DESCRIPTION OF SYMBOLS 1 Printed product monitoring apparatus 2 Printed product 3 Roll unit 4 Traverse unit 5 Character 6 Varnish 11 Illumination unit accommodating part 12 Camera accommodating part 20 Varnish monitoring illumination unit 21, 31, 35, 52 Connection member 22, 32 LED group 23, 33 LED board 30 Illumination unit for normal printing monitoring 34 Illumination unit support member for normal printing monitoring 40 Camera 41 Lens 42 Camera body 43 Imaging element 50 Polarizing plate 51 Polarizing plate supporting member

Claims (5)

In the printed matter monitoring apparatus that irradiates the printed matter to be monitored from the illumination device and images the printed matter by the reflected light of the printed matter,
A first lighting device comprising a substrate facing the surface of the printed matter, a round hole provided in the center of the substrate, and a plurality of LEDs on the substrate around the round hole;
A lens is disposed in a round hole provided in the first lighting device, and light of a plurality of LEDs provided in the first lighting device is irradiated onto the printed material, and reflected light from the printed material is taken into the lens. An imaging device for imaging the coating state of the transparent member coated on the printed matter;
A printed matter monitoring apparatus comprising: The printed matter monitoring apparatus according to claim 1,
The substrate provided in the first lighting device is disposed so as to face the surface of the printed matter and the surface of the substrate is parallel to the surface of the printed matter,
The printed matter monitoring apparatus, wherein the lens is arranged so that an imaging angle by the imaging device is perpendicular to the printed matter. In the printed matter monitoring apparatus according to claim 1 or 2,
Furthermore, a polarizing plate is provided between the first lighting device and the printed material, facing the surface of the substrate provided in the first lighting device and the surface of the printed material, and having a round hole in the center. ,
The imaging device
Light from a plurality of LEDs provided in the first illumination device is diffused by the polarizing plate and irradiated to the printed matter, and reflected light from the printed matter passes through a round hole provided in the polarizing plate.

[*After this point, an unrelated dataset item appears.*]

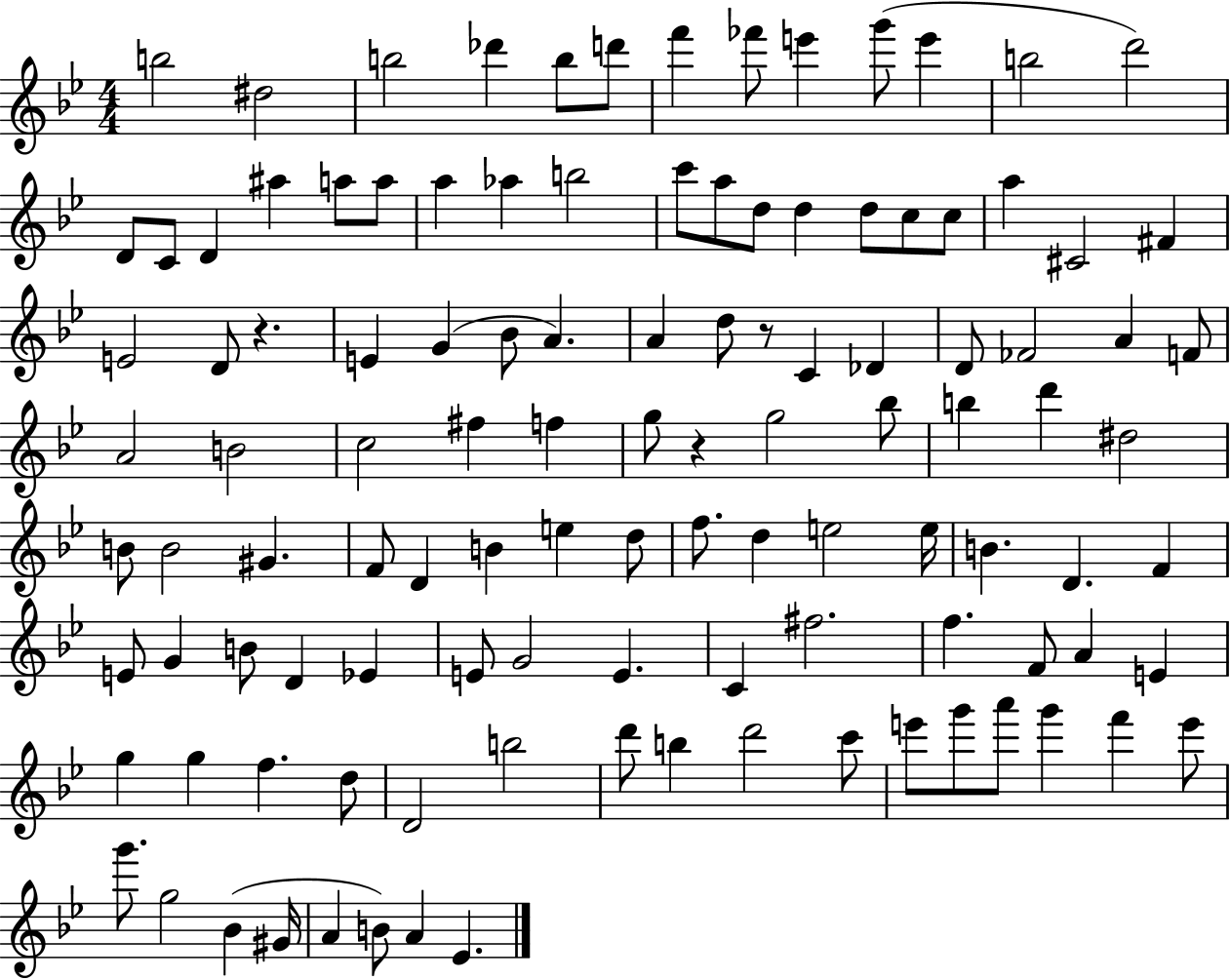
B5/h D#5/h B5/h Db6/q B5/e D6/e F6/q FES6/e E6/q G6/e E6/q B5/h D6/h D4/e C4/e D4/q A#5/q A5/e A5/e A5/q Ab5/q B5/h C6/e A5/e D5/e D5/q D5/e C5/e C5/e A5/q C#4/h F#4/q E4/h D4/e R/q. E4/q G4/q Bb4/e A4/q. A4/q D5/e R/e C4/q Db4/q D4/e FES4/h A4/q F4/e A4/h B4/h C5/h F#5/q F5/q G5/e R/q G5/h Bb5/e B5/q D6/q D#5/h B4/e B4/h G#4/q. F4/e D4/q B4/q E5/q D5/e F5/e. D5/q E5/h E5/s B4/q. D4/q. F4/q E4/e G4/q B4/e D4/q Eb4/q E4/e G4/h E4/q. C4/q F#5/h. F5/q. F4/e A4/q E4/q G5/q G5/q F5/q. D5/e D4/h B5/h D6/e B5/q D6/h C6/e E6/e G6/e A6/e G6/q F6/q E6/e G6/e. G5/h Bb4/q G#4/s A4/q B4/e A4/q Eb4/q.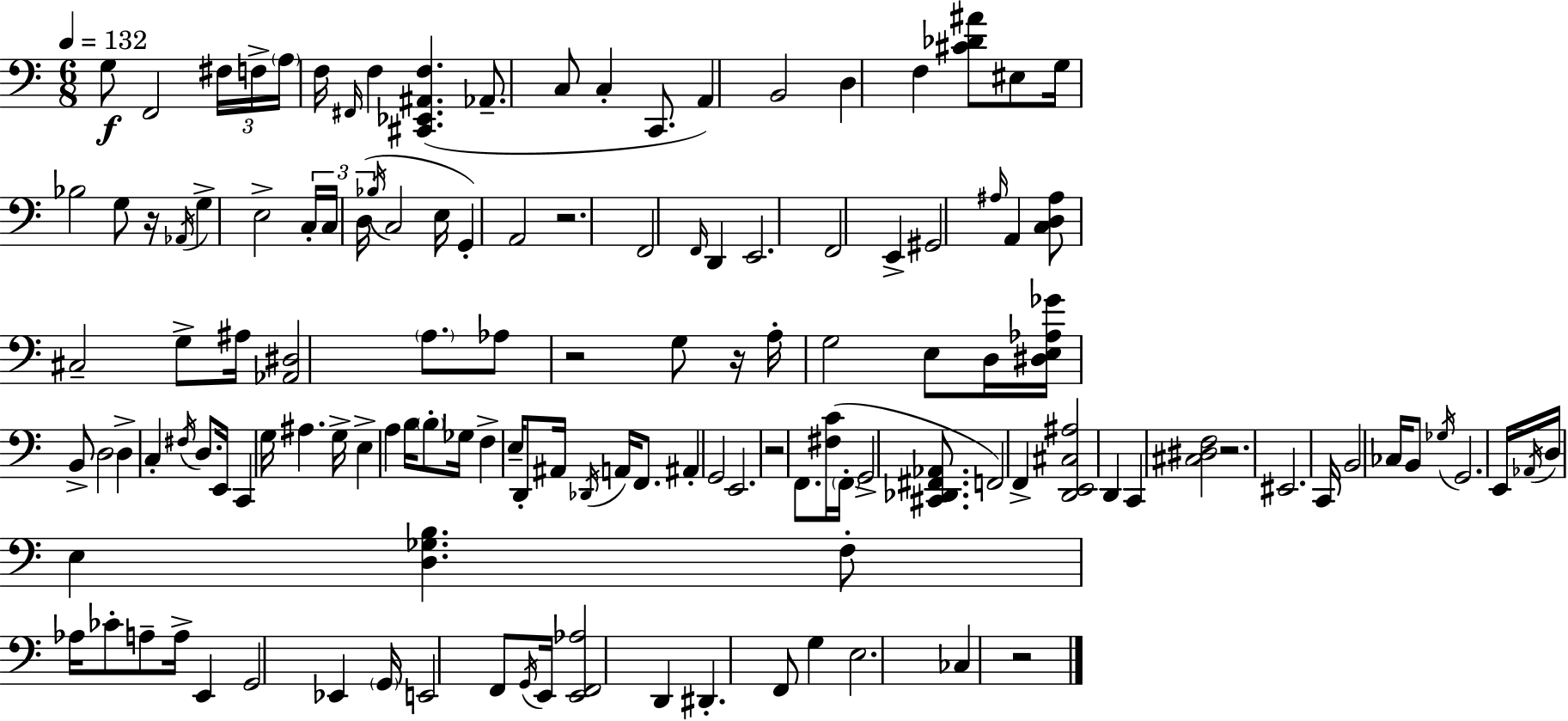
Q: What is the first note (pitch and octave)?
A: G3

A printed matter monitoring apparatus that captures an image of a coated state of a transparent member that is taken into the lens and coated on the printed matter. In the printed matter monitoring apparatus according to any one of claims 1 to 3,
Furthermore, a second illumination device provided with a plurality of LEDs provided at a position of a predetermined inclination angle with respect to the surface of the printed matter,
The imaging device
When imaging the application state of the transparent member applied to the printed matter, the light of a plurality of LEDs provided in the first illumination device is irradiated, and the reflected light from the printed matter is taken into the lens,
When imaging the printing state of the printed pattern printed on the printed matter, the light of a plurality of LEDs provided in the second illumination device is irradiated, and reflected light from the printed matter is taken into the lens. Printed material monitoring device. In the printed matter monitoring apparatus according to any one of claims 1 to 3,
Furthermore, a second lighting device provided with a plurality of LEDs provided at a position of a predetermined inclination angle with respect to the surface of the printed matter, and
Dimming means for adjusting the illuminance of light emitted by the plurality of LEDs provided in the first lighting device and the plurality of LEDs provided in the second lighting device, respectively,
The imaging device
A plurality of LEDs provided in the first illumination device, the light having the illuminance adjusted by the dimming means irradiating the printed matter, and the plurality of LEDs provided in the second illumination device The light having the illuminance adjusted by the light control means is applied to the printed matter, the reflected light from the printed matter is taken into the lens, and the coating state of the transparent member applied to the printed matter is A printed matter monitoring apparatus, characterized in that imaging is performed.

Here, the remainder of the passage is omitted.